I sat there and nursed my mood while she took a shower. When she came out I said, "I must have been looking for more than pills, because what good would it have done me to find them?"

"I was wondering that myself."

"I just wish I knew what he wanted to tell me. He had something on his mind and he was just about ready to unload it, but I told him to take his time, to think it over. I should have sat down with him then and there."

"And then he'd still be alive?"

"No, but-"

"Matt, he didn't die because of what he said or didn't say. He died because he did something stupid and dangerous and his luck ran out."

"I know."

"There was nothing you could have done. And nothing you can do for him now."

"I know. He didn't-"

"Didn't what?"

"Say anything to you?"

"I hardly knew him, Matt. I can't remember the last time I talked to him. I don't know if I ever talked to him, beyond 'How's the weather?' and 'Here's the rent.' "

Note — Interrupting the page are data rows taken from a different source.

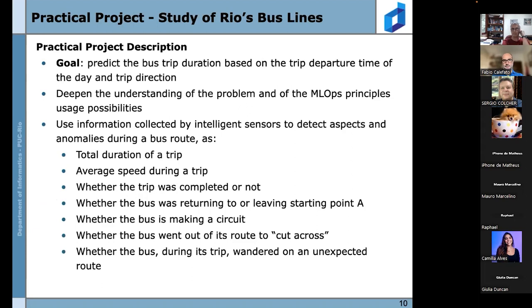Our practical project was the first research method, offering an opportunity to understand MLOps principles in practice. Our goal was to predict bus trip duration based on trip departure time of day and trip direction, using information collected by intelligent sensors around the city to detect aspects and anomalies during a bus route, such as total trip duration, average speed, whether the bus went off-route, or made an unexpected detour.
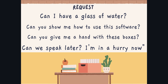Seguimos. Esta es la última parte. Recuerda: el modal CAN lo podemos utilizar para REQUEST también — peticiones. Number one: 'Can I have a glass of water?' — ¿Puedes darme un vaso de agua? Number two: 'Can you show me how to use this software?' — ¿Puedes mostrarme cómo utilizar este programa? Number three: 'Can you give me a hand with these boxes?' — ¿Puedes darme una mano con estas cajas? And number four: 'Can we speak later? I'm in a hurry now.' — ¿Podemos hablar más tarde? Tengo prisa ahora. REQUEST.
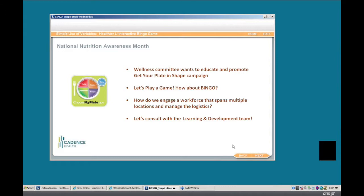We began brainstorming ideas: we could hand out bingo cards to employees, have articles on nutrition tips and facts, even invite a dietician or guest speakers. We thought if an employee got a bingo, wouldn't it be nice to give them a Cadence Health lunch bag as a reward? But then after the enthusiasm dies down and you start looking at the logistics of having a hundred different locations — how do we get bingo cards to everyone? How would we know if they actually read the articles? How would they let us know they achieved the bingo?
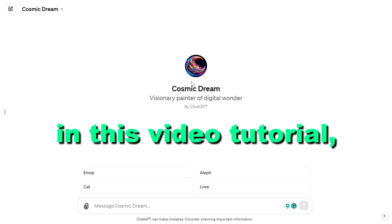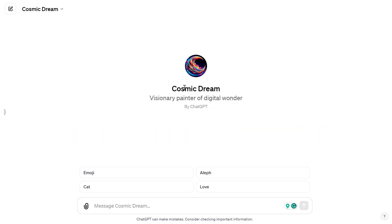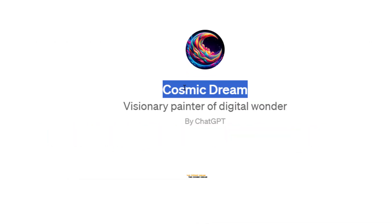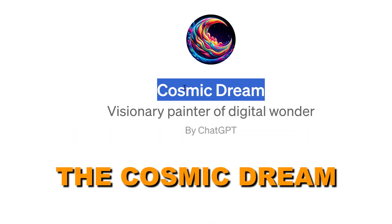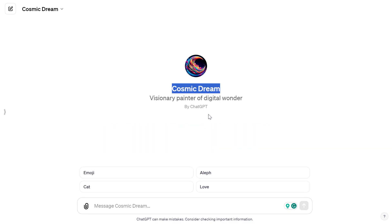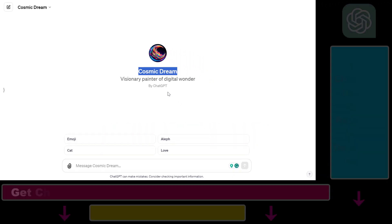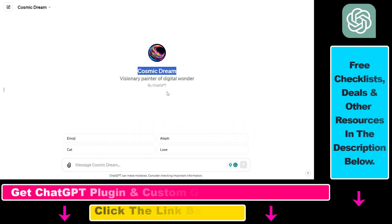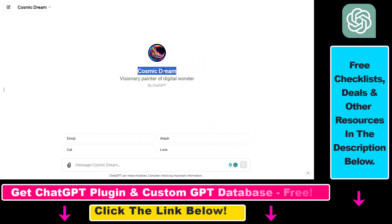Hey everybody, in this video tutorial I'm going to show you how to use the Cosmic Dream custom GPT. This is a really fun custom GPT and I'm going to show you how to use it with a real example.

"He had something on his mind," I said. "I wish to hell I knew what it was."

I dropped into Grogan's in the middle of the afternoon. The dart board wasn't in use and I didn't see Andy Buckley anywhere, but otherwise the crowd was much the same. Tom was behind the stick, and he put a magazine down long enough to draw me a Coke. An old man with a cloth cap was talking about the Mets, lamenting a trade they'd made fifteen years earlier. "They got Jim Fregosi," he said scornfully, "and they gave up Nolan Ryan. Nolan Ryan!"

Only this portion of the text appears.